■ **Task to carry out**: Lines holding the word "Adult" are the ones to copy from the data below.

##### Records to process

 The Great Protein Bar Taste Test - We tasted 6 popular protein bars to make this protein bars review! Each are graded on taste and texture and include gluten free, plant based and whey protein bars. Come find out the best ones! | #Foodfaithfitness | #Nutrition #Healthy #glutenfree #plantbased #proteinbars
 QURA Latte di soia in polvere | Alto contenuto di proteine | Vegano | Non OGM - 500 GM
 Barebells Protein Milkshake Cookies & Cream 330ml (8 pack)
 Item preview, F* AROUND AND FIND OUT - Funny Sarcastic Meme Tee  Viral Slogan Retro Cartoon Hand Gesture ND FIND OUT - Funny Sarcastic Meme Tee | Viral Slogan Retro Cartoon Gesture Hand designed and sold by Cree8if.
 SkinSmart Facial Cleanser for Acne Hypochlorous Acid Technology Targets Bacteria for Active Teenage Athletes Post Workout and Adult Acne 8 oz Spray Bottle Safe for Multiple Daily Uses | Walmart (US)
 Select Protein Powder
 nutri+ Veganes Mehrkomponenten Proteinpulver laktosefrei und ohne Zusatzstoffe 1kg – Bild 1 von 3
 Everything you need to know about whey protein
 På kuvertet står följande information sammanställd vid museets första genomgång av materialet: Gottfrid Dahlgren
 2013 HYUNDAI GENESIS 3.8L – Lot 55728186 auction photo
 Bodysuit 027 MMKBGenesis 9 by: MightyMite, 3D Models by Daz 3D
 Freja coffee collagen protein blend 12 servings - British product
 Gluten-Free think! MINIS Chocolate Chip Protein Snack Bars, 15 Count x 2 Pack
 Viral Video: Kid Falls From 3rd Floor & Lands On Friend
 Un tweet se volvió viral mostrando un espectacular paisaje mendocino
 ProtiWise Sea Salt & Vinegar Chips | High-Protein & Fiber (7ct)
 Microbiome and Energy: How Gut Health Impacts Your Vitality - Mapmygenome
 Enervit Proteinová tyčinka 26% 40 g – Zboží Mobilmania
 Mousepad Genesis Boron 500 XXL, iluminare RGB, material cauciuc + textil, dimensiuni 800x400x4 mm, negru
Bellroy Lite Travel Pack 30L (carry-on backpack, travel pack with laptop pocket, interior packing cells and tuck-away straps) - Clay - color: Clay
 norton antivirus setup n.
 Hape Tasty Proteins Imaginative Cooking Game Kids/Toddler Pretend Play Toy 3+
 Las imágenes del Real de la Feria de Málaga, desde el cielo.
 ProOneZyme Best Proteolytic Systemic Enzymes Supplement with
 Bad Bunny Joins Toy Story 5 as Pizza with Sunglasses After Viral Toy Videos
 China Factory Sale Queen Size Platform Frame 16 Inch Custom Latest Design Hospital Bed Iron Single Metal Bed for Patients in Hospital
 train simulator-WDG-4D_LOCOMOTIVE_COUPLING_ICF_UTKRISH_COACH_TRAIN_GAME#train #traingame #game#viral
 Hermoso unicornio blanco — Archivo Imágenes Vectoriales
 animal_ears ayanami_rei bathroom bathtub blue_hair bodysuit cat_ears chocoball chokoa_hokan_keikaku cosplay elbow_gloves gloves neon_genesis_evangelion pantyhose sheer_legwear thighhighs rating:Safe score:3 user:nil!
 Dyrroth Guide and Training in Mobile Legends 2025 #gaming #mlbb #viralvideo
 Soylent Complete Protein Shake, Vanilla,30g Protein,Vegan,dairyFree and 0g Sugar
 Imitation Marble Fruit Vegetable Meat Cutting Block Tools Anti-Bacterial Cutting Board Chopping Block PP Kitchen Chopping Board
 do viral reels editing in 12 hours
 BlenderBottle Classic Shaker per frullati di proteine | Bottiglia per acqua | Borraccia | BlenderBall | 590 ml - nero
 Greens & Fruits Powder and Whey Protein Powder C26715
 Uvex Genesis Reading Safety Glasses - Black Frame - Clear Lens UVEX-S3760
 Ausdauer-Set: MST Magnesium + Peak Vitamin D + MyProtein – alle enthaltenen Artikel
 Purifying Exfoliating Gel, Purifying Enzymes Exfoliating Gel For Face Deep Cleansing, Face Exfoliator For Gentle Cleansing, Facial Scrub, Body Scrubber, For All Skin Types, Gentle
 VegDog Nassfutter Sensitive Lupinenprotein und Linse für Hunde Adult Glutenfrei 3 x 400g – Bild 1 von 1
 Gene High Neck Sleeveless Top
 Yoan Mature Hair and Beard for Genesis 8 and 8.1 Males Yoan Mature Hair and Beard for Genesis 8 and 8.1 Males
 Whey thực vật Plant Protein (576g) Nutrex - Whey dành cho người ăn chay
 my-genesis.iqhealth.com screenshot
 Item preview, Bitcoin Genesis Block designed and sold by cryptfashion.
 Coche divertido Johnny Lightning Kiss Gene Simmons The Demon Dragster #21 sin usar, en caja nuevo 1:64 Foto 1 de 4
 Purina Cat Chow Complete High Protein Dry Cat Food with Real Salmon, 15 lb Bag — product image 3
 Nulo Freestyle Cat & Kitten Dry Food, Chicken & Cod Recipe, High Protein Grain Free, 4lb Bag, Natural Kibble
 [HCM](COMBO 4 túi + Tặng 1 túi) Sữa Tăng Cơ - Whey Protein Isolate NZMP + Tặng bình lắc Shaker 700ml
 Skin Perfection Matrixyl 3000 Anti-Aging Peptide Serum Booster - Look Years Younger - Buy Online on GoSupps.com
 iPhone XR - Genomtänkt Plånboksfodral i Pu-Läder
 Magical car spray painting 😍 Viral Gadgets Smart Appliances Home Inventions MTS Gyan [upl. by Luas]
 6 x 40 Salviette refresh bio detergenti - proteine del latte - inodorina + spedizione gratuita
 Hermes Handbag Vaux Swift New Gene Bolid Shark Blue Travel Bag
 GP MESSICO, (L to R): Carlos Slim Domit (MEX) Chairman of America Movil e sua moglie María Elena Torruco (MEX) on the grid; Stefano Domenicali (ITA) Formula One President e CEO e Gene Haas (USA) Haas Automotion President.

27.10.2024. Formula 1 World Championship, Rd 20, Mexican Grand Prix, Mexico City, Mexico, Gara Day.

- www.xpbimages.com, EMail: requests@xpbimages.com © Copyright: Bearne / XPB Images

##########

■ **Solution**:
 SkinSmart Facial Cleanser for Acne Hypochlorous Acid Technology Targets Bacteria for Active Teenage Athletes Post Workout and Adult Acne 8 oz Spray Bottle Safe for Multiple Daily Uses | Walmart (US)
 VegDog Nassfutter Sensitive Lupinenprotein und Linse für Hunde Adult Glutenfrei 3 x 400g – Bild 1 von 1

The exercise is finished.